Many divorces occur because the parties grew apart or committed acts that were hard to move past. Financial issues, too, drive many divorces. However, what if you want to remain married, but it may make sense for financial reasons to get divorced? For example, what if one spouse has a high chance of losing assets such as the house, cars and money due to a personal injury lawsuit or another type of lawsuit such as one for malpractice? By getting divorced ahead of any legal actions, the both of you would, in theory, have the peace of mind that at least half of your estate is secure. So, is divorce a realistic asset-protection strategy?
Michigan is a “no-fault” state, which means you do not have to provide a reason to divorce. As long as at least one party wants a divorce, the court will likely grant it. That said, there may be avenues to explore that prove less risky than divorce. Here is a look at why divorce for asset-protection reasons can be dangerous.
One spouse may have too much power, and plans can change
A divorce may proceed in good faith with the understanding that both parties will reconcile once the feared lawsuit is over. However, a lot can happen. One of the spouses could meet someone else, or the spouse with most of the assets after the lawsuit is settled decides not to share.
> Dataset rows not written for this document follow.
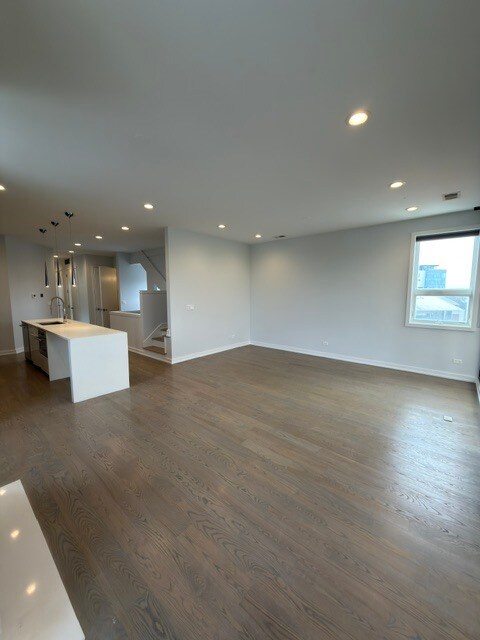 Foto del edificio - 2378 N Elston Ct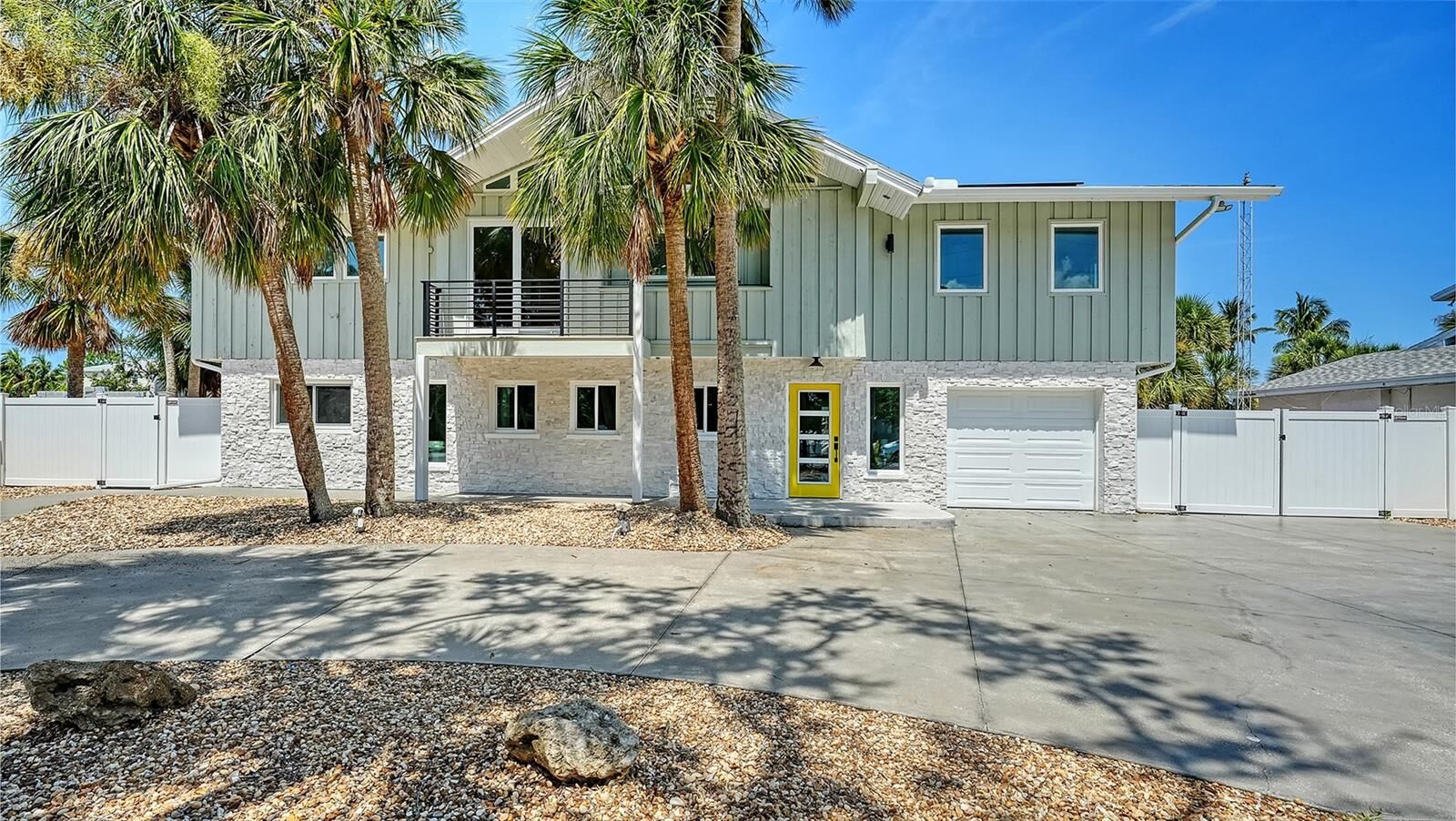 Property Photo: 5168 Sandy Cove FL 34242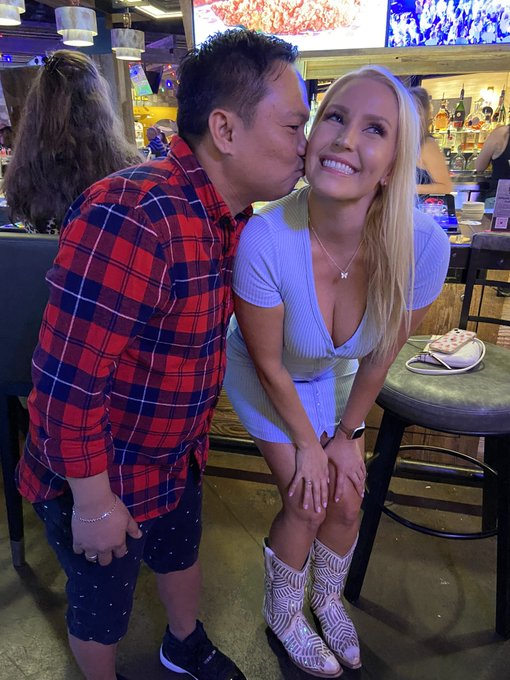 Lol met a fan while I was out. His wife took the photo! I don&rsquo;t mind when fans recognize me in public<a href="/tag/thongthursday"class="tags"><span>#thongthursday</span></a>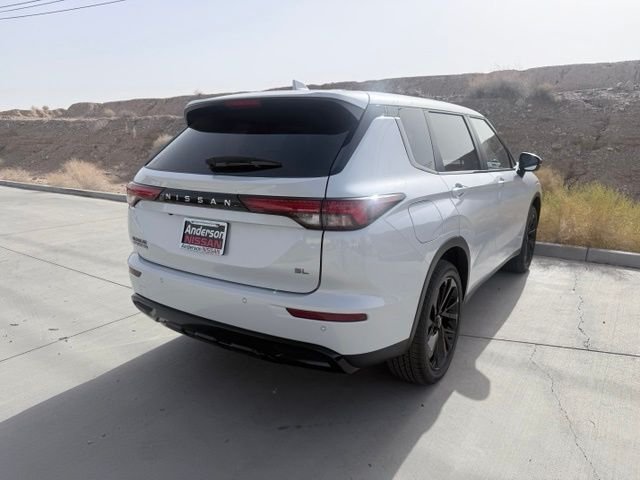 New 2026 White Nissan SL image 8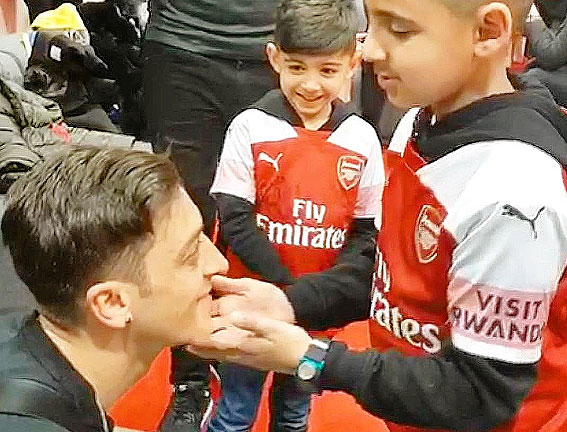 Ozil hangs out with Arsenal fan Mikey Poulli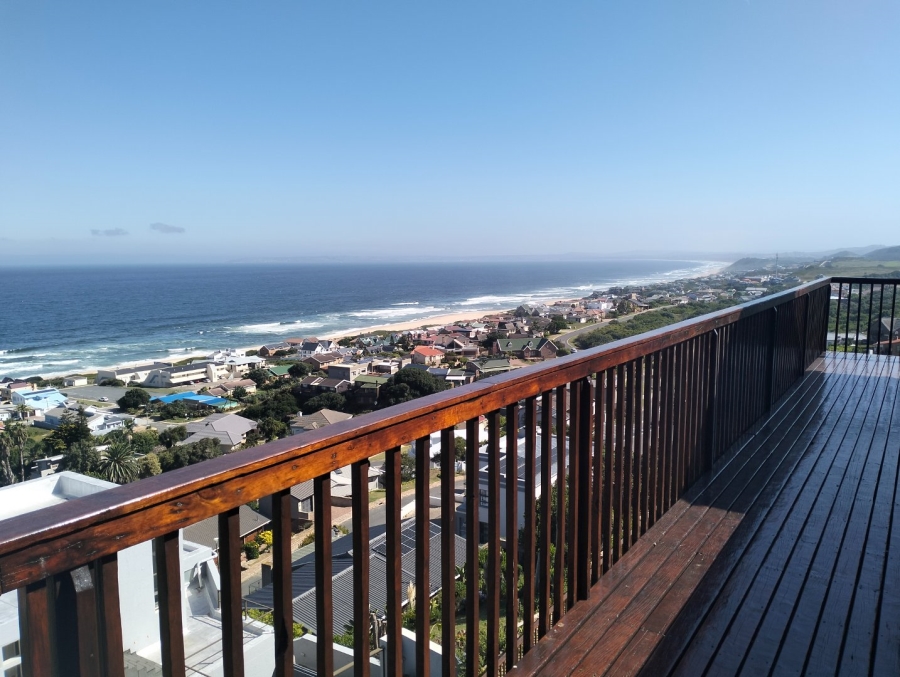 To Let 3 Bedroom Property for Rent in Outeniqua Strand Western Cape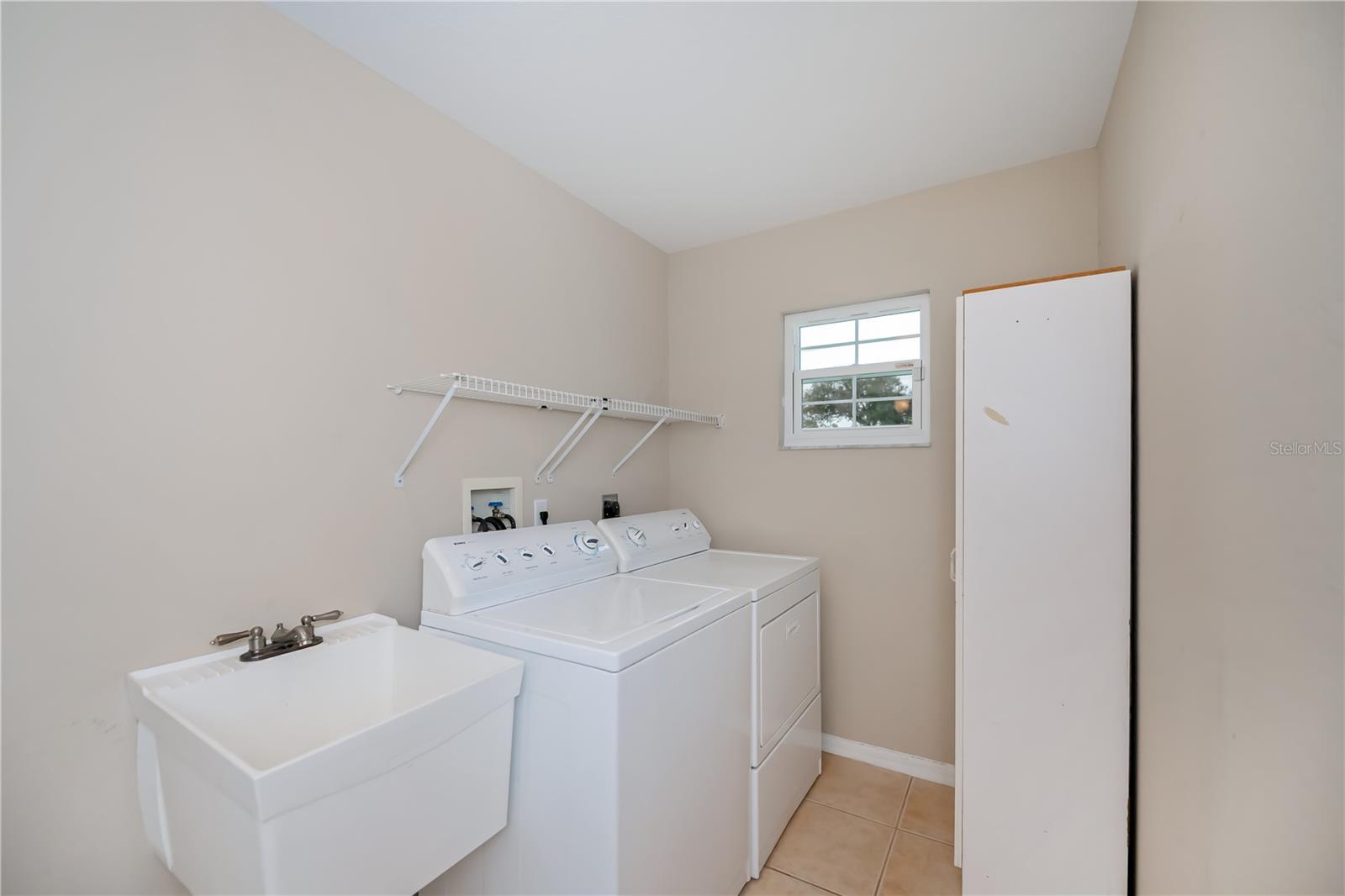 Image 45 of 69 For 1391 Abalom Street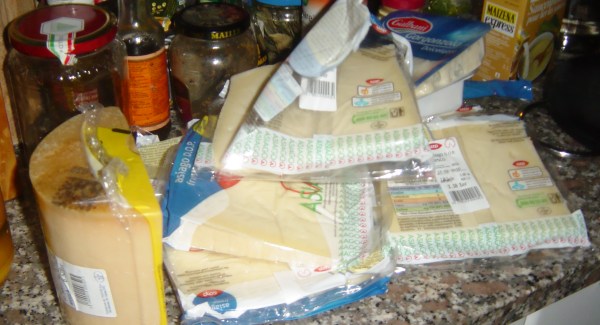 The ingredients used for the fondue.
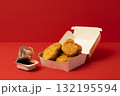 紙容器に入ったチキンナゲット 132195594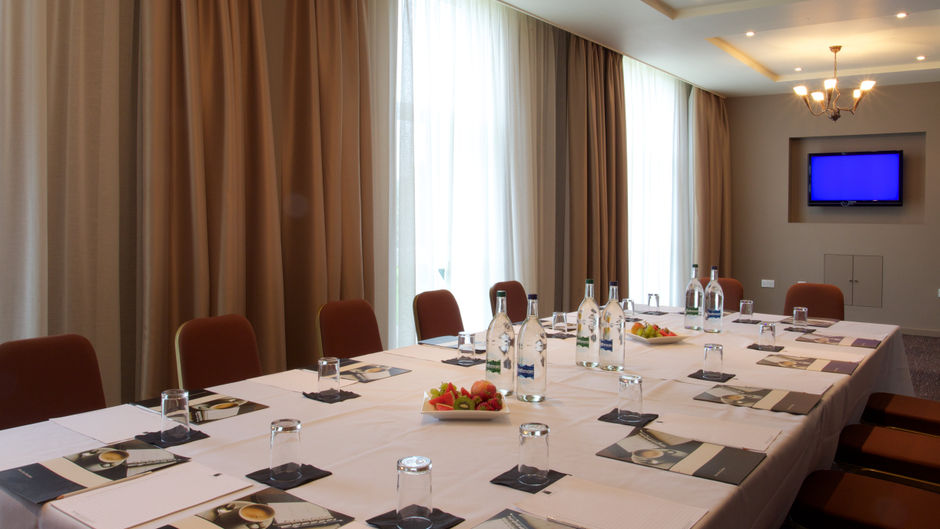 Humber Royal Hotel Meeting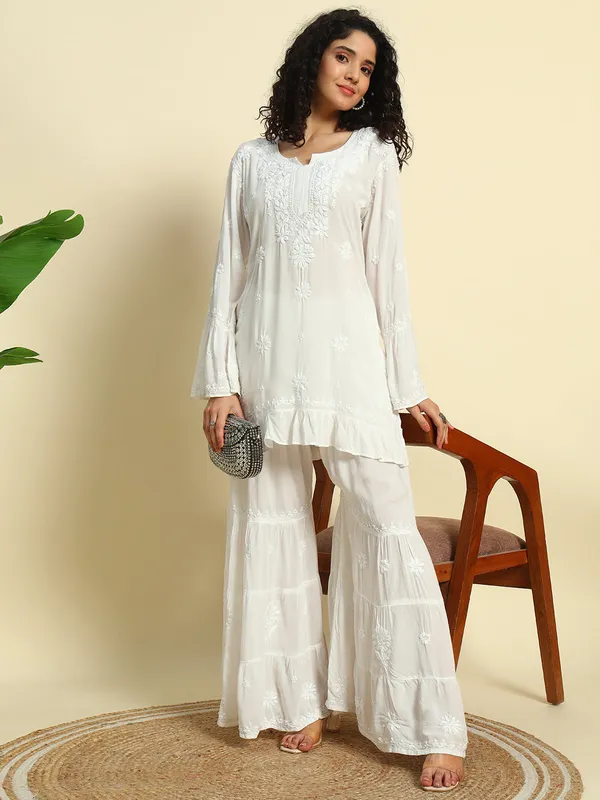 Chikan_Embroidered_Modal_Kurta_Gharara_Set_White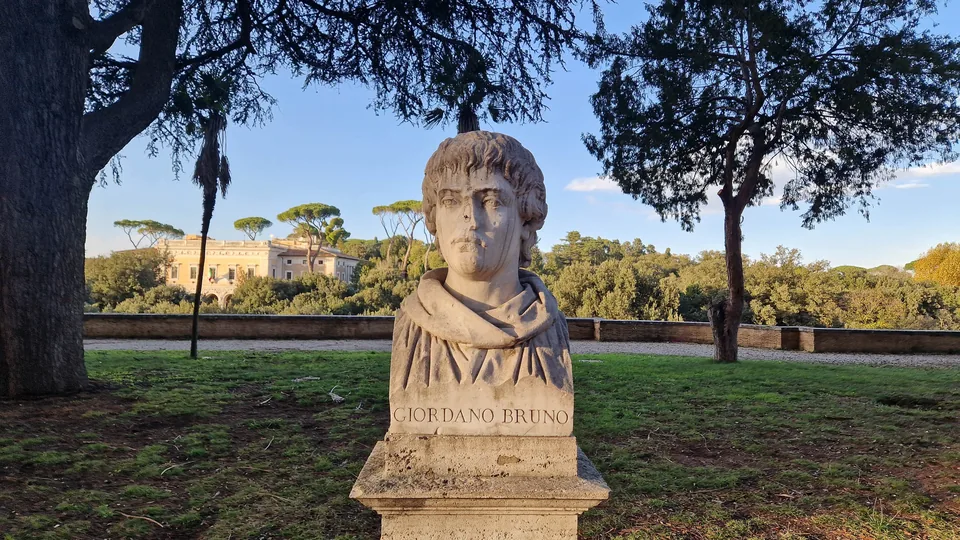 Bust of Giordano Bruno in Pincio gardens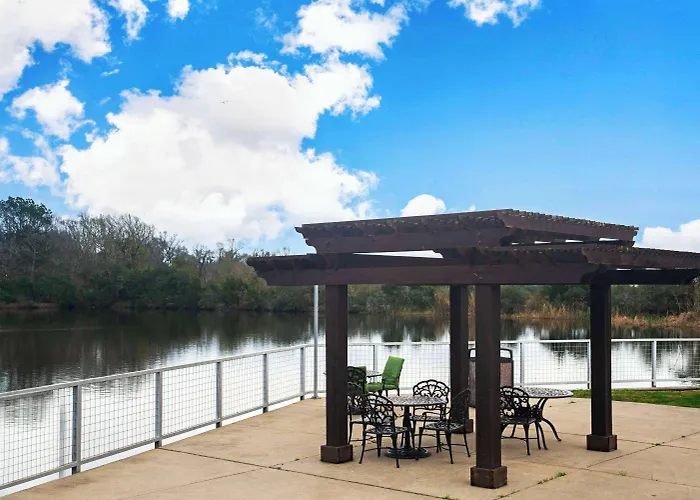 La Quinta By Wyndham Bridge City-Orange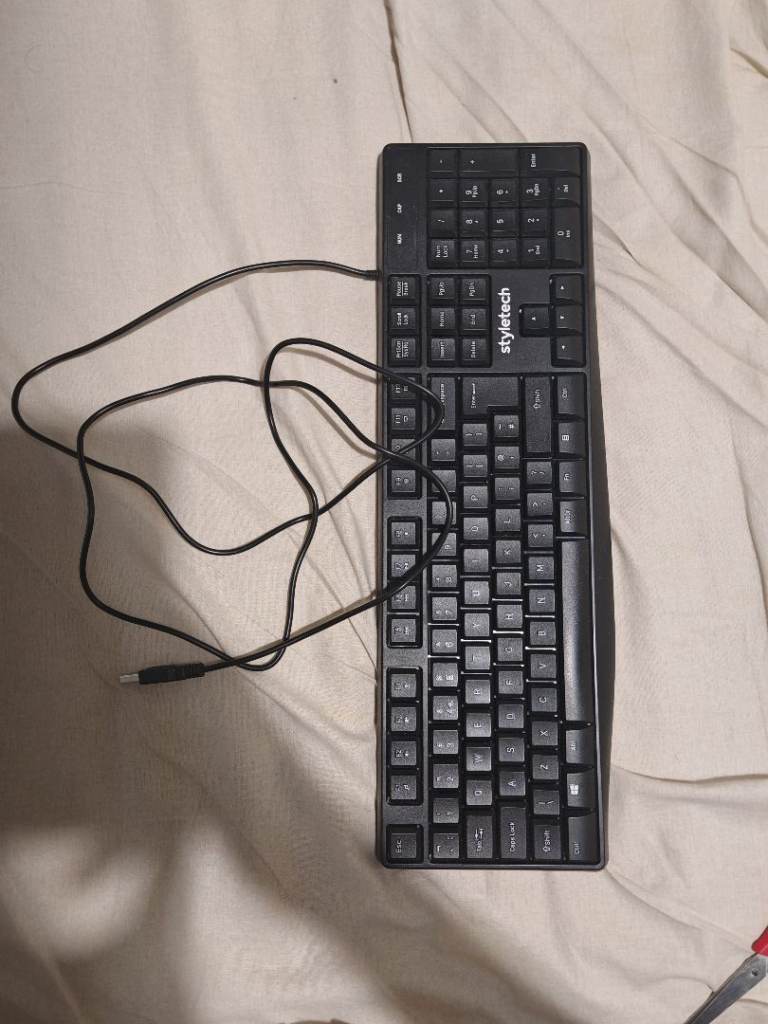 Used working computer keyboard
Hidden motives could come to light
It could also be that asset preservation turns out to be a convenient reason to divorce for a person who may have wanted to split for a while. That spouse might not have admitted it to himself or herself, but there it is. What happens when he or she finally acknowledges that hidden motive?
There could be questions of timing
There may also be questions of timing if the divorce and lawsuit are too close together. The lawyer for the other party in the lawsuit could potentially throw up a lot of costly and time-wasting obstacles.
The bottom line is that while divorce solely for asset protection reasons may sound workable, there could be easier ways of protection such as making your business a corporation, boosting your insurance coverage or using trusts.